▶ [EXERCISE DIRECTIONS]:
Reproduce the records exactly. Leave the pictures out.

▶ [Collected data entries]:
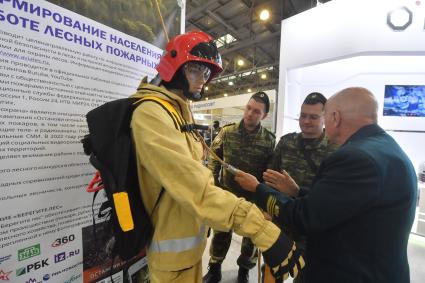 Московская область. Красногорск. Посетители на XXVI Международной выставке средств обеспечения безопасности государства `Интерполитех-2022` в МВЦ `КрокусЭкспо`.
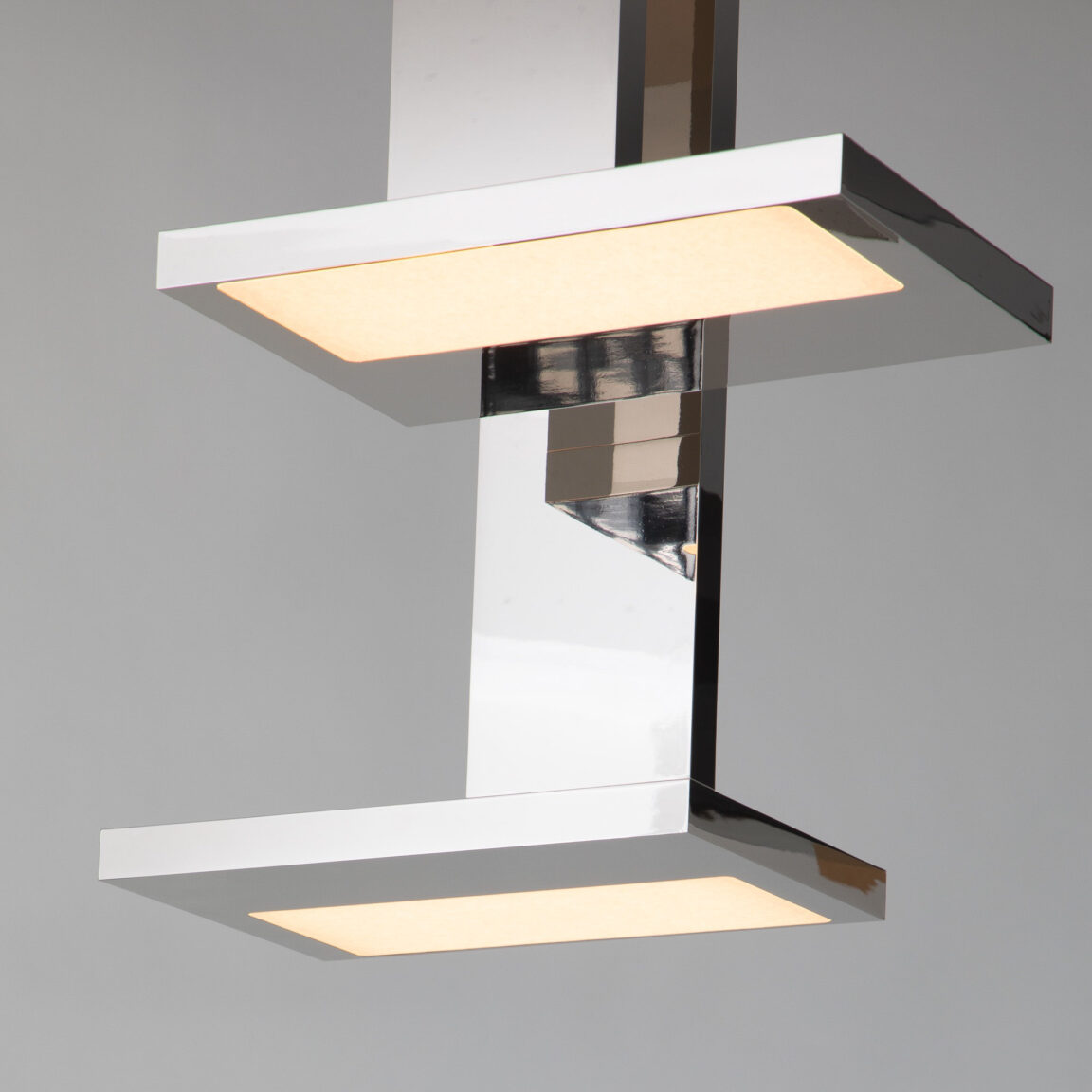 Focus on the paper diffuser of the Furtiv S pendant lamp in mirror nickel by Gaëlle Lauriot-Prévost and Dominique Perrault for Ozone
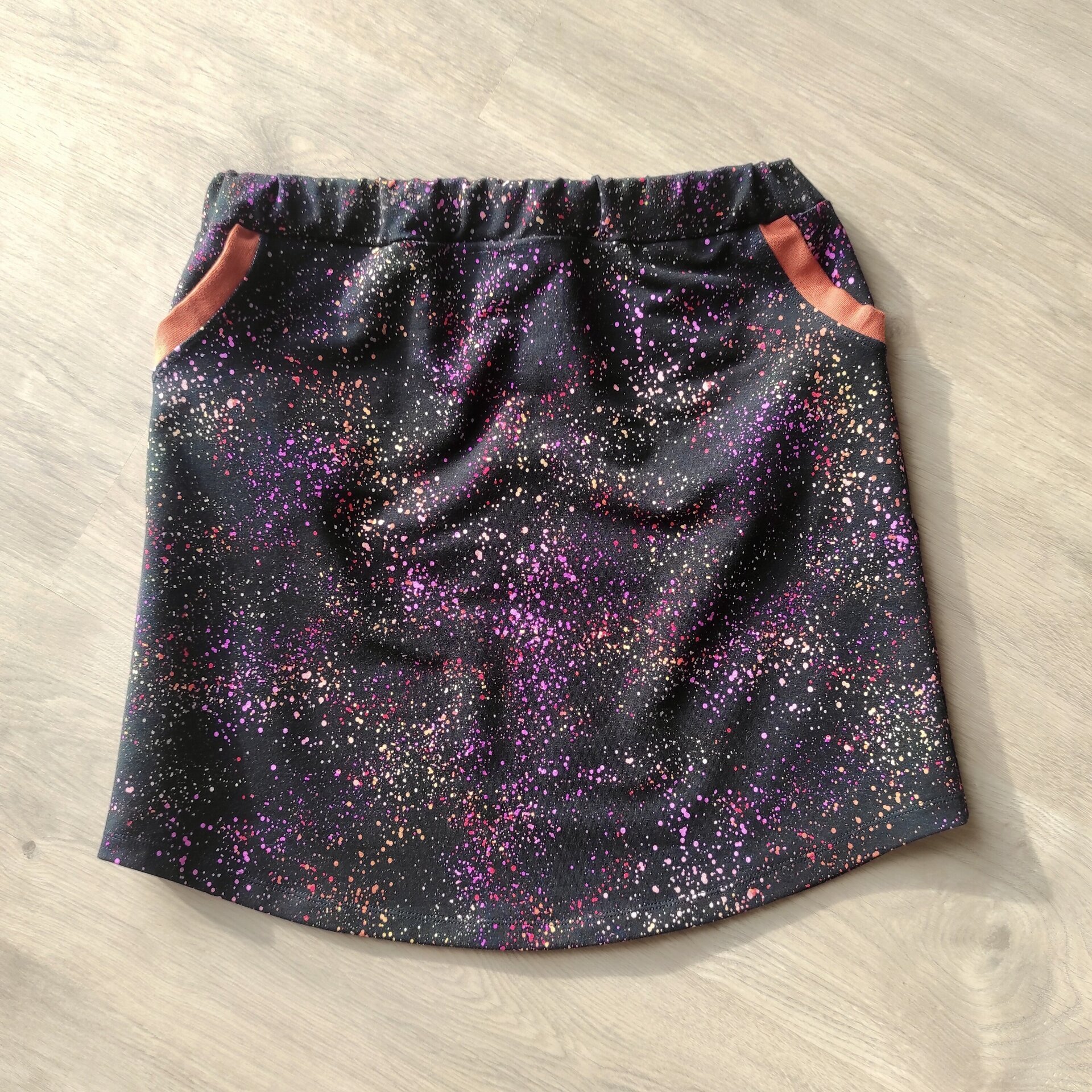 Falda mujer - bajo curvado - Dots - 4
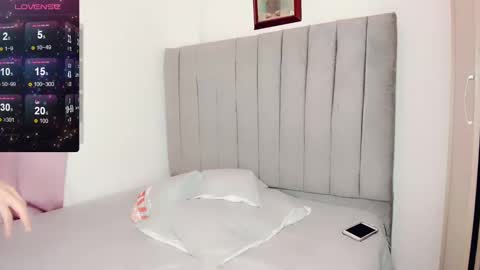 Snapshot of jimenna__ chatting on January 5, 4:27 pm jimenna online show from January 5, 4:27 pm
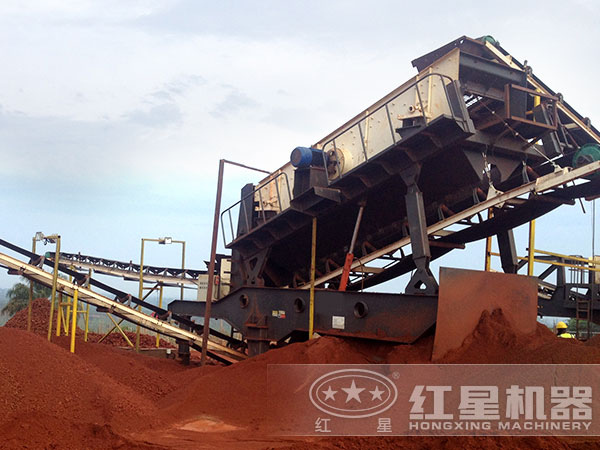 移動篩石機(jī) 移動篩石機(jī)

▶ [TASK RESULT]:
 Московская область. Красногорск. Посетители на XXVI Международной выставке средств обеспечения безопасности государства `Интерполитех-2022` в МВЦ `КрокусЭкспо`.
 Focus on the paper diffuser of the Furtiv S pendant lamp in mirror nickel by Gaëlle Lauriot-Prévost and Dominique Perrault for Ozone
 Falda mujer - bajo curvado - Dots - 4
 Snapshot of jimenna__ chatting on January 5, 4:27 pm jimenna online show from January 5, 4:27 pm
 移動篩石機(jī) 移動篩石機(jī)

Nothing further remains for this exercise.